President Joe Biden has pushed the Federal Trade Commission to fight consolidation in the health care industry. In an executive order issued last year, he said, “hospital consolidation has left many areas, particularly rural communities, with inadequate or more expensive health care options.”
North Carolina has the most integrated health care system in the nation, according to a 2021 KHN analysis of 2018 data from the federal Agency for Healthcare Research and Quality. About three-quarters of the state’s hospitals belong to a large system, the analysis found.
Federal and state antitrust laws are supposed to ensure competitive markets benefit consumers. Researchers have repeatedly warned that consolidation in the healthcare industry is driving up medical costs while showing no clear evidence of improved care. A 2012 report by the Robert Wood Johnson Foundation found that when hospitals consolidate in highly consolidated markets, prices often increase by more than 20%.

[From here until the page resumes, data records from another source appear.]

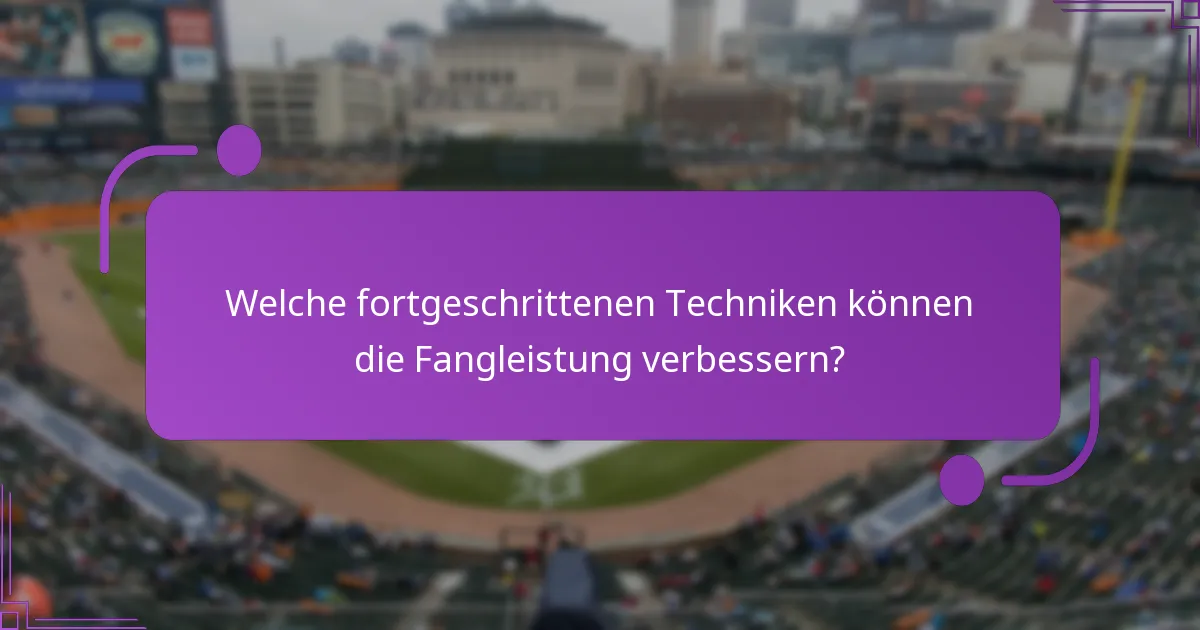 Welche mentalen Strategien verbessern die Konzentration beim Fangen von Flyballs?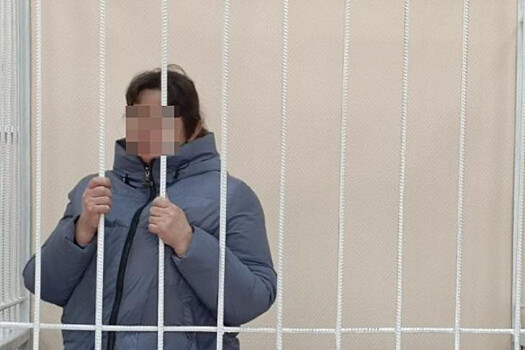 Заморозившая ребенка героиня «Мужское/Женское» попросила об УДО в Новосибирске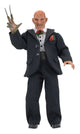 Nightmare on Elm Street Clothed Figure Tux Freddy 20 cm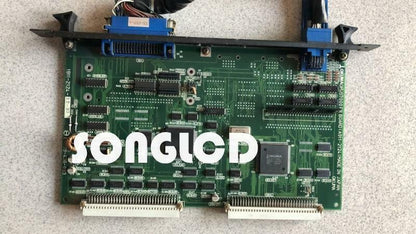 E4809-436-093 1911-2124 - High-Quality One Piece - KOEED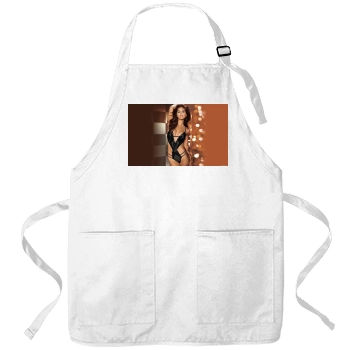 Anahi Gonzales Apron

The Medicare Payment Advisory Commission, which conducts research for Congress, said in a 2020 report that most markets nationwide are dominated by a single hospital system and that this leads to higher prices.
The North Carolina Healthcare Association, a group that lobbies on behalf of the hospital, declined an interview request. In a written response to questions from KHN, spokeswoman Cynthia Charles said the public benefits when hospital systems purchase independent practices. This ensures access to primary care in the community at a time when small practices are struggling to survive, Charles said. He said he could not provide data on the impact the merger has had on prices.
“We trust our members to make the right decisions for their communities,” he said. Charles added that consumers should be more concerned about large commercial health insurers using market power to obstruct care and delay payments to medical providers.
An analysis of results from an American Medical Association 2020 survey found that for the first time since the group began tracking it in 2012, most doctors do not work for physician-owned practices. The analysis cited the financial impact of the pandemic as a factor.
The loss of independent physician practice threatens to fundamentally reshape the historic relationship between doctors and patients as more doctors become beholden to their employers rather than the people they treat, said Duke University law professor Barack Richman, who studies antitrust law and health care policy. .
Research shows that when doctors work for a hospital system, they refer patients for more tests and more intensive treatment, which means higher profits for the hospital, Richman said. “Studies show that physicians practice differently,” he said. “You no longer have competition to keep patients based on the quality of physicians.”
Bush said he always dreamed of being an independent doctor who would answer patients’ questions and spend time getting to know them. He has worked at Sanford long enough that he deals with multiple generations of some families.
But Bush said he knows remaining independent will be difficult.
He began a new focus on bone care for patients but found that the government would not cover the full cost of the test and that many patients could not pay $60 out of pocket.
“It’s a poor, salt-of-the-earth community, and nobody cares about them,” Bush said. “If we close, they may have to drive 50 miles for care. They are not able to provide gas.”